Here, we present a new approach to computer-assisted de novo design of ligand candidate structures, and describe its implementation in the software tool DOGS (Design Of Genuine Structures). DOGS represents a medicinal chemistry-inspired method for the de novo design of drug-like compounds, placing special emphasis on the synthesizability of the designed molecules. The software not only suggests new compounds, but also provides at least one motivated, hypothetical synthesis pathway per ligand candidate structure. The assembly process is based on available molecular building blocks and a set of established reaction principles. This strategy forces the program to follow construction pathways that represent direct blueprints of possible synthesis routes. The synthesis pathways generated and output by the software include vendor catalog identifiers of the building blocks and references to the underlying synthesis protocols.
DOGS grows new molecules in a deterministic and stepwise process: in each step, complete enumeration of a subspace of all possible solutions is performed. Following a greedy strategy, top-scoring intermediate products are submitted to subsequent growing steps. The quality of designed (intermediate) products is assessed by a ligand-based scoring scheme. Similarity to a reference ligand is computed by a graph kernel method. Two different graph representations of molecules (molecular graph and reduced graph) have been implemented to allow for different levels of abstraction from the two-dimensional molecular structure.

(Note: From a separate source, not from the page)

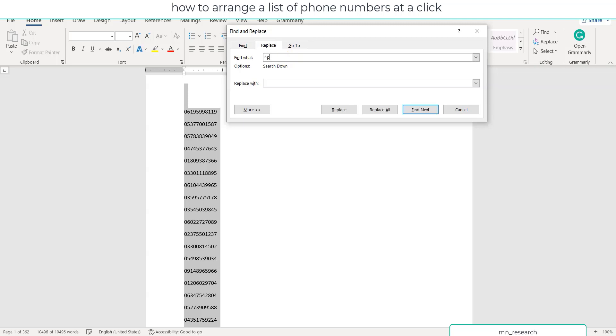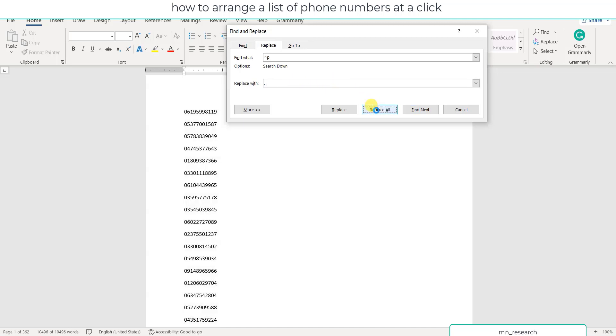After that, you want to instruct Microsoft Word to help you add comma. Press comma. So you are instructing the application that it should add comma to each of these numbers, followed by a space. And after that, you'll press Replace All.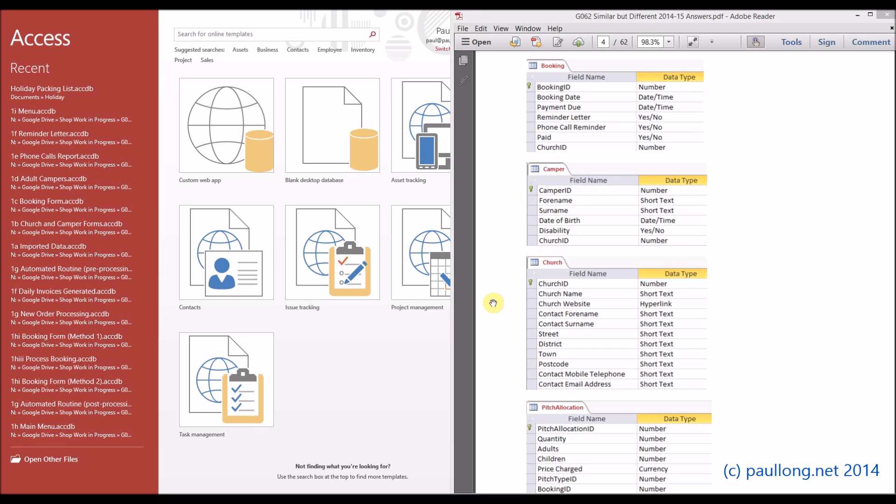This is task 1B part 1 where you are asked to import each of the five tables and show evidence of the data types. So first of all, this is what you're looking to achieve. You're looking to be able to show each of the tables in design view with the field names and the data types showing.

In a recently published work, we have successfully applied DOGS in a first prospective study to designing a selective inhibitor of human Polo-like kinase 1 (Plk1) in its inactive (DFG-out activation-loop) conformation . One of the compounds suggested by DOGS was selected for synthesis based on a series of post-design analyses and human inspection. Following the proposed synthesis route, the compound was accessible and found to have the desired biological effect and selectivity profile in vitro. The Plk1 study focused on the practical use case and only provides a brief description of the method. Here, we disclose the algorithmic details and give a full description of the implementation. We present a theoretical evaluation of the software with respect to general properties of designed compounds, and show its ability to suggest well-motivated bioisosteric replacements. We also present two new prospective case studies: Three compounds designed by DOGS (two suggested as modulators of γ-secretase and one as an antagonist of human histamine H4 receptor) were selected for chemical synthesis and subsequently tested for in vitro bioactivity. In all cases, the proposed synthesis plan was readily pursuable as suggested by the software.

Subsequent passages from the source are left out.